The founding fathers of this nation were "Deists". Compare that concept with the first sentence of the second paragraph of http://en.wikipedia.org/wiki/Natural_law#Islamic_natural_law. Did our Deceleration of Independence come from Jefferson's Quran or his Bible? How many accountants do you know of that use roman numerals? How many scientists don't use al-gebra, al-chemy (chemistry) or al-stronomy. Obviously, Muslims had no influence over the US what so ever. Beware the anti-sureaist, they wish to "return" the US to the dark ages and constant civil war
2012-02-02

ROGER SMITH FROM CANADA said:
To Marshall: Please read history and do not be an ignorant or pretend you know it all just like the holy Catholic Church. All the pedophile priests are good as long as the victims forgets them or destroy all the evidence so no one will challenge the facts. Sale as your Catholic dictionary look at the early versions and later version see the changes in most of the versions whatever is good for them. Soon they will add Gays are ordained by Jesus in fact may be he was one of them things like that, do not make a fun of you referring their dictionary that full of half facts and invented facts as the trinity. What a joke, get a life pal. Study may your God help you.
2012-02-01

MARSHALL FROM UNITED STATES said:
Martin was a catholic who died in a convent; stop lying and making false statements. He is referenced in the catholic encyclopedia!
2012-01-29

BROCK N. CORDEIRO FROM USA said:
With all due respect & the rest of the piece aside, Captain Paul Cuffe (1759-1817), the son of freed slave Cuffe Slocum and Ruth Moses, a Native Person of the Wampanoag tribe, was certainly NOT Muslim. Paul Cuffe was a member of the Society of Friends, that is a Quaker, who was spent his all-too-often overlooked life Southeastern Massachusetts (born on Cuttyhunk Island and later moved to the mainland Town of Dartmouth, a section of which became the Town of Westport, Mass).
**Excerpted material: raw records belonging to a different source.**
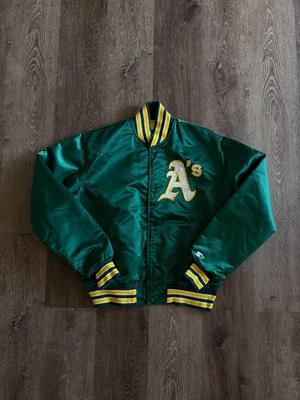 Vintage 80's Deadstock MLB Starter Oakland Athletics Bomber Jacket Size L - Image 1 of 4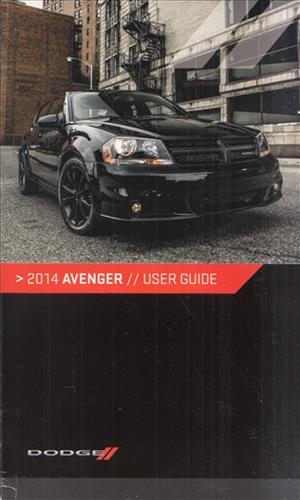 2014 Dodge Avenger User Guide Owner's Manual Original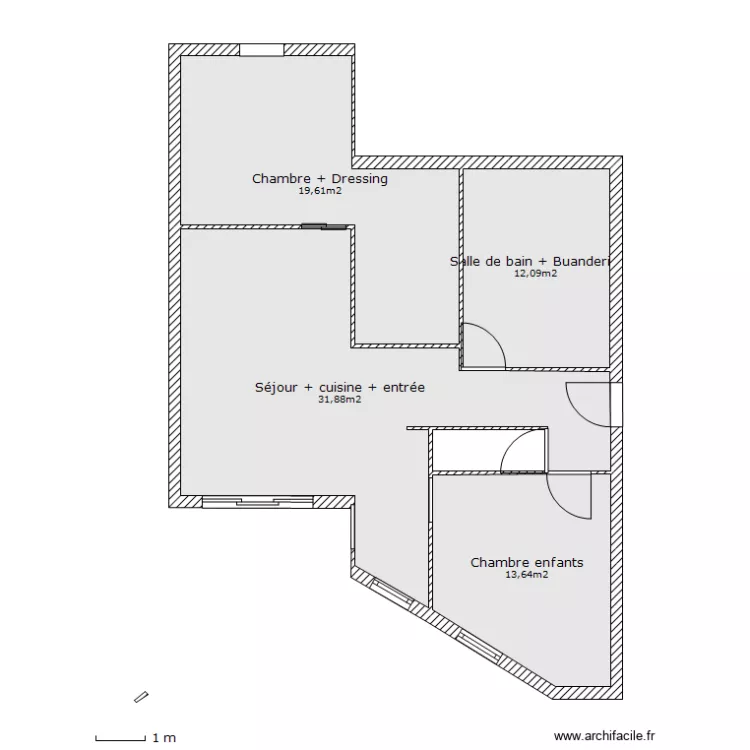 APPART APRES MODIF. Plan de 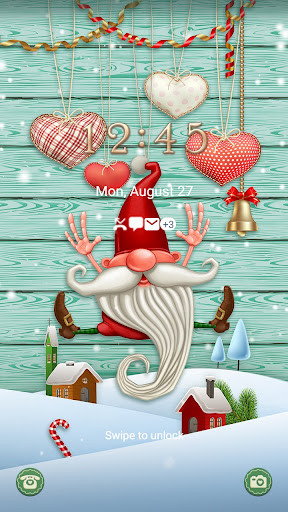 Happy Christmas Elf- Wallpaper Screen 2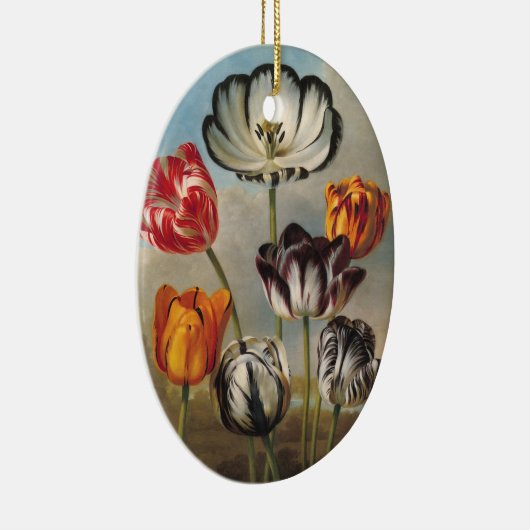  variabele Tulip Flowers in een landschap Keramisch Ornament (Rechts)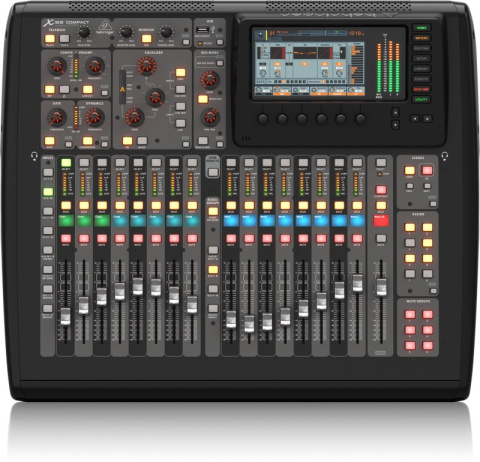 BEHRINGER - X32 COMPACT - konsoleta cyfrowa do zastosowań koncertowych, nagraniowych i studyjnych BEHRINGER - X32 COMPACT - konsoleta cyfrowa do zastosowań koncertowych, nagraniowych i studyjnych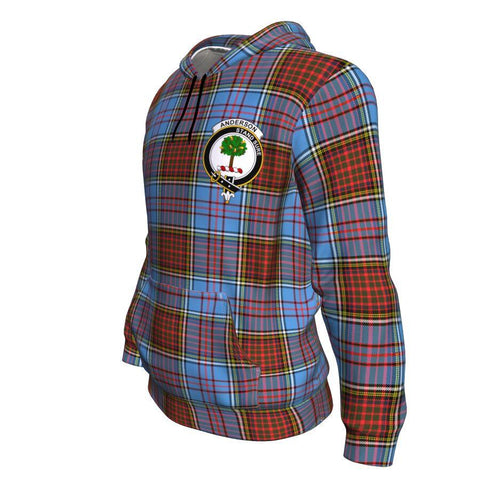 Image of Anderson Modern ScottishShop Clan Tartan Hoodie - shirtskishirt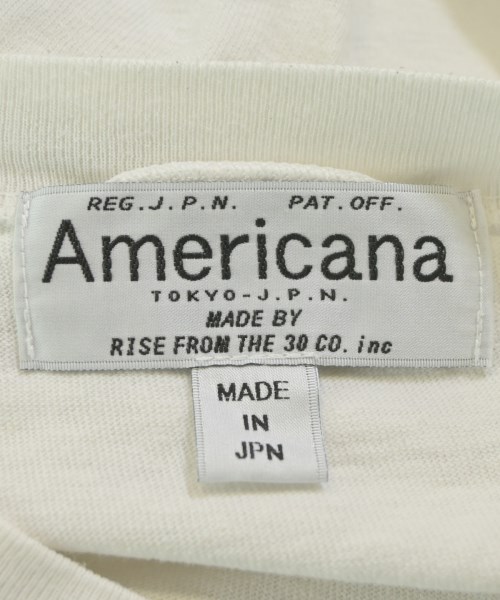 Americana（アメリカーナ）Tシャツ・カットソー 白 サイズ:F レディース/2200661279076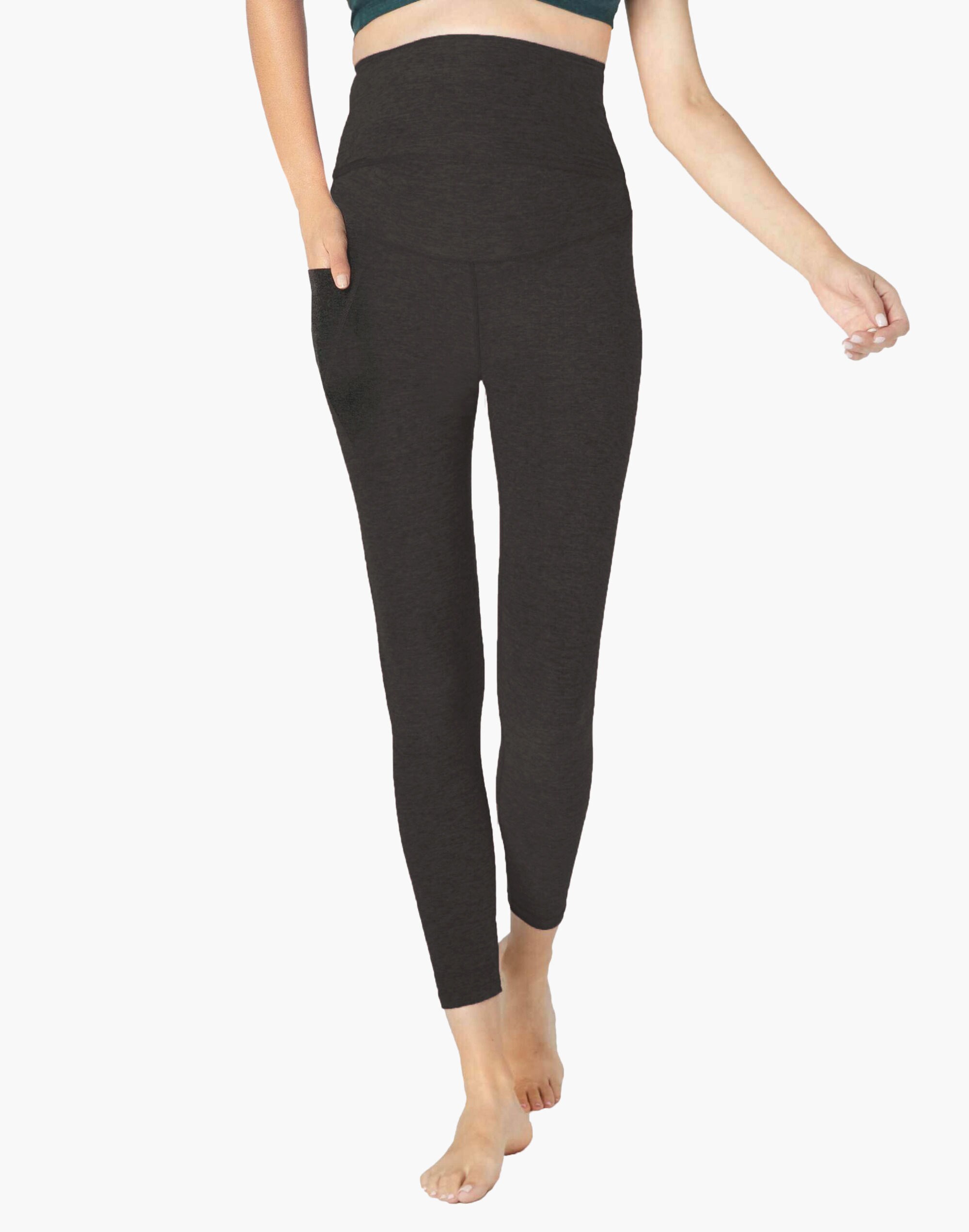 Beyond Yoga Maternity Out Of Pocket Midi Leggings in Spacedye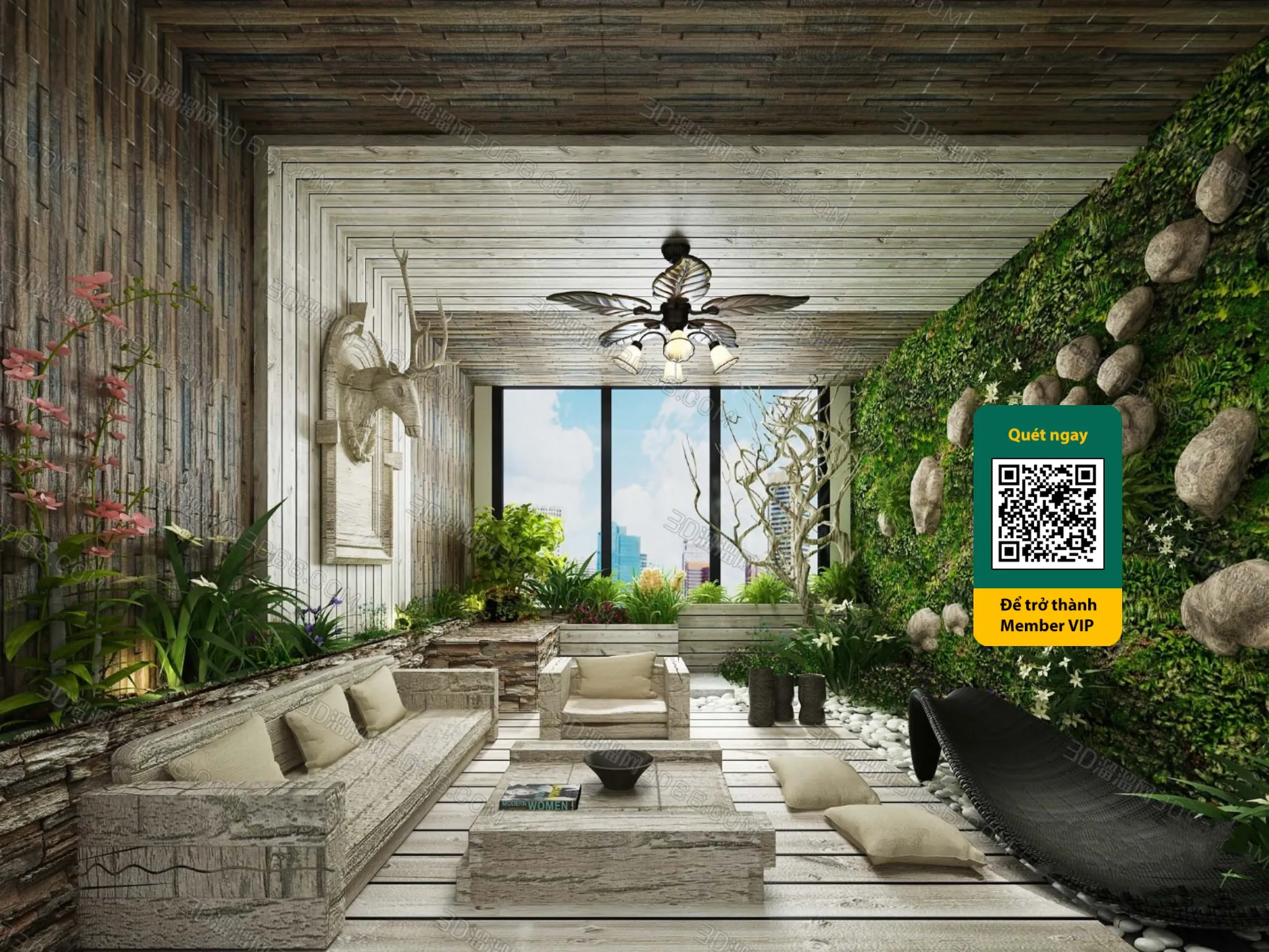 COURTYARD – VRAY / CORONA – 3D MODEL – 6431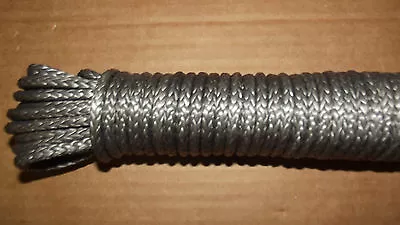 NEW 3/16 X 50' Dyneema Winch Line Synthetic Pulling Rope 12-Strand Braid • $30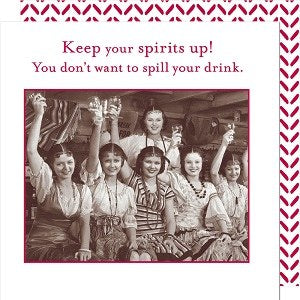 Shannon Martin Keep Your Spirits Up Cocktail Napkin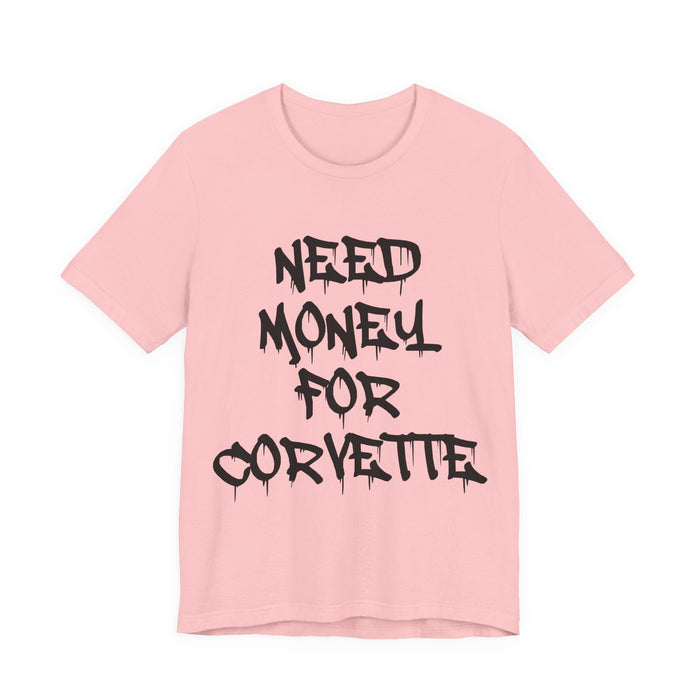 Need Money for Corvette T-shirt for European Customers ONLY--Prints and ships from within Europe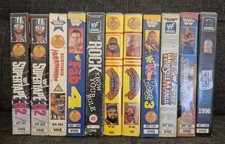 WWF / WWE 11 x VHS Video Bundle Job Lot Wrestling Hulk Hogan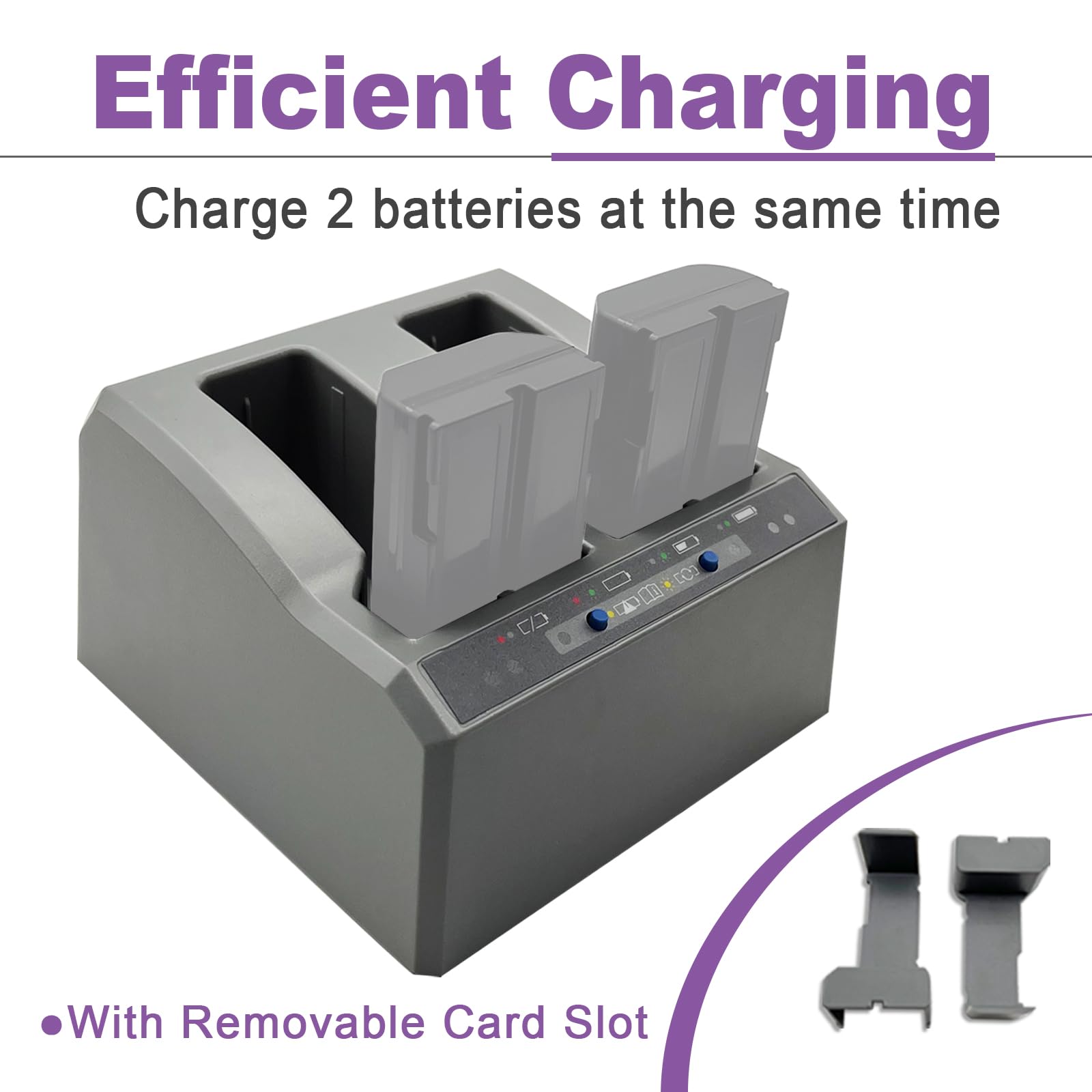 JIEYUEXIN Dual Charger for Trimble Total Station Battery, Dual Battery Charger for Trimble S8 S6 R6 R7 R8 R10 GNSS GPS RTK Battery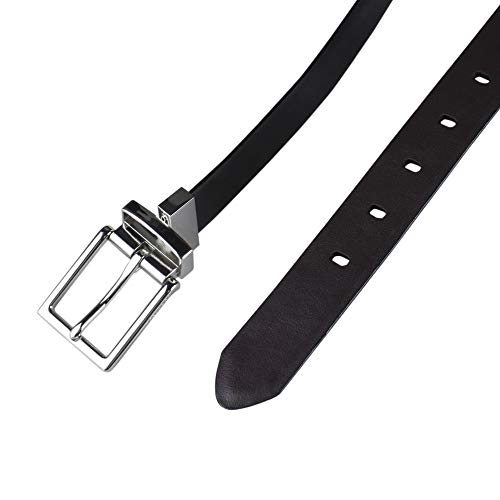 Calvin Klein Women's Reversible Belt, Black/Brown Dress, Large #TOP4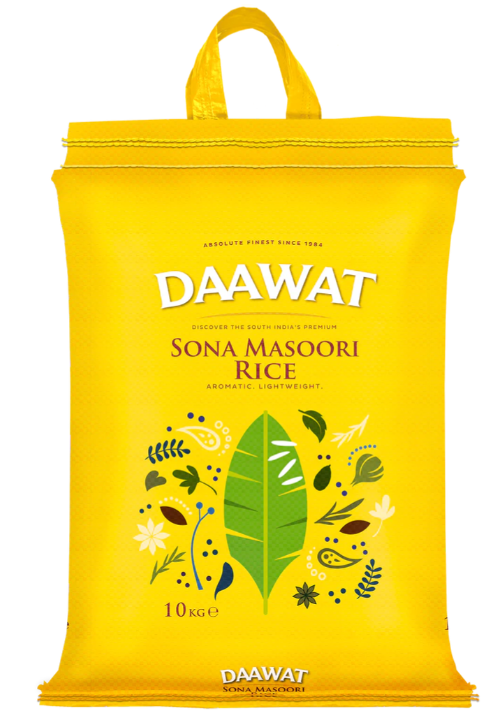 DAAWAT SONA MASOORI RICE 10 KG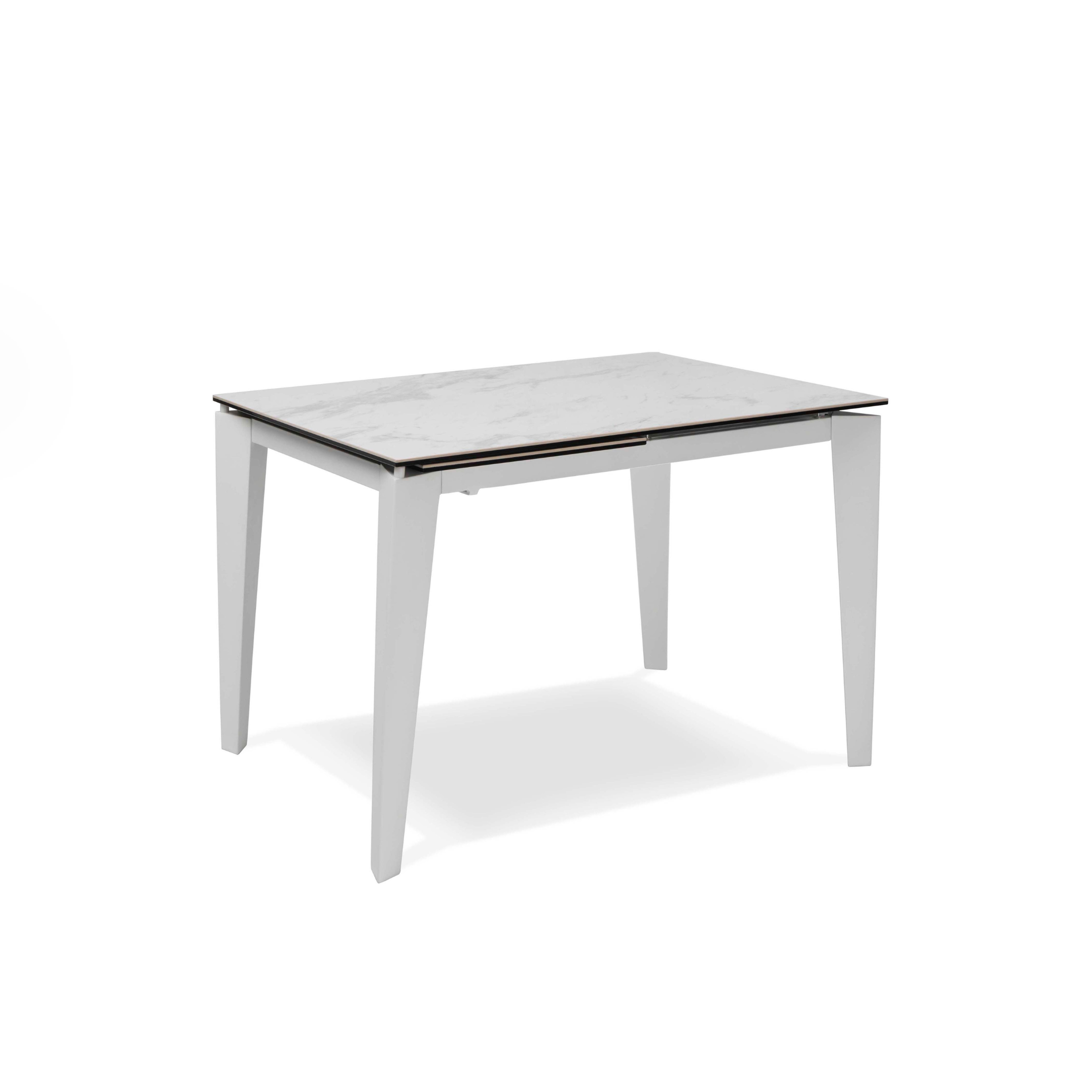 Mesa extensible de cristal templado ''Ceramica 2'' 80x120/170 h76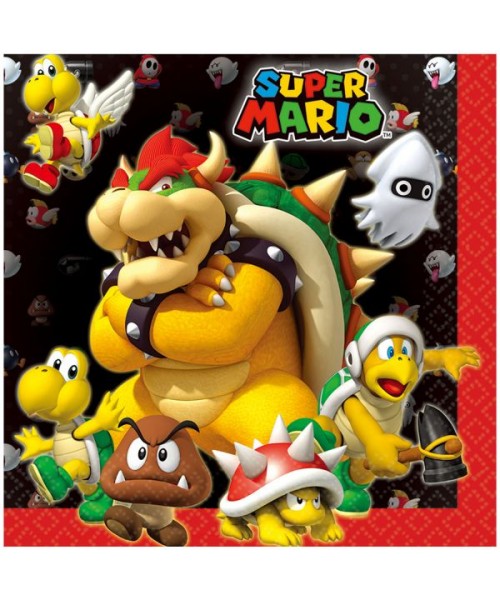 TOVAGLIOLI 33X33CM SUPERMARIO PZ.20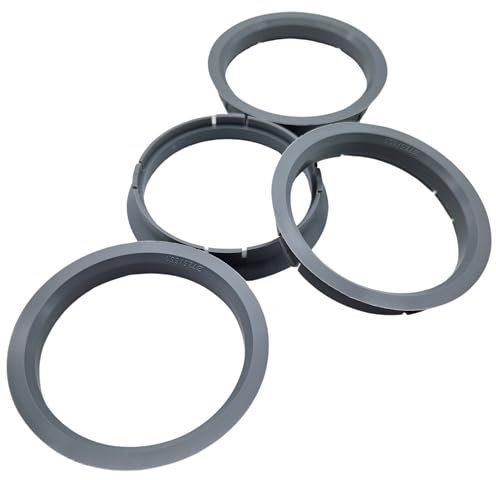 Felgenfactory 4 anelli di centraggio 72,5 – 66,1 | 72,5 su 66,1 | compatibili con borbet | grigio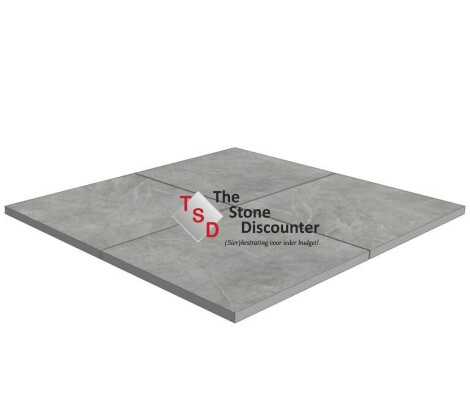 StonesEnter Pacific Pizarra grey 90x90x3 cm productfoto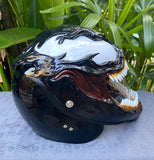 Venom Custom Motorcycle Helmet Spider Man Symbiote 3D helmet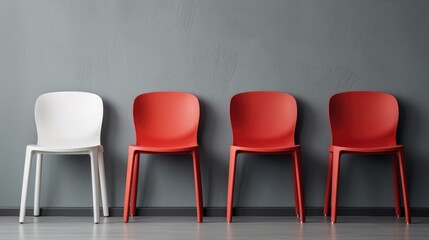 red chairs in a row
Indeed, Paul Cuffe helped to build the current Quaker Meeting House on Main Road in Westport. He and his wife, Alice, are buried in the back of the property with a monument dedicated to him in the front at street side near the entrance.

Rather than refer to my own 214-page thesis on Captain Paul Cuffe, here is one article of many from the local newspaper commemorating Cuffe, http://www.southcoasttoday.com/apps/pbcs.dll/article?AID=/20020208/LIFE/302089956&cid=sitesearch.

Thankfully, in recent times, institutions like the New Bedford Whaling Museum and New Bedford Historical Society, in New Bedford, Mass. have begun to more fully recognize and celebrate Captain Cuffe, his life, and legacy. In 2009, Governor Deval Patrick declared January 17 to be "Paul Cuffe Day" in honor of his 250th birthday.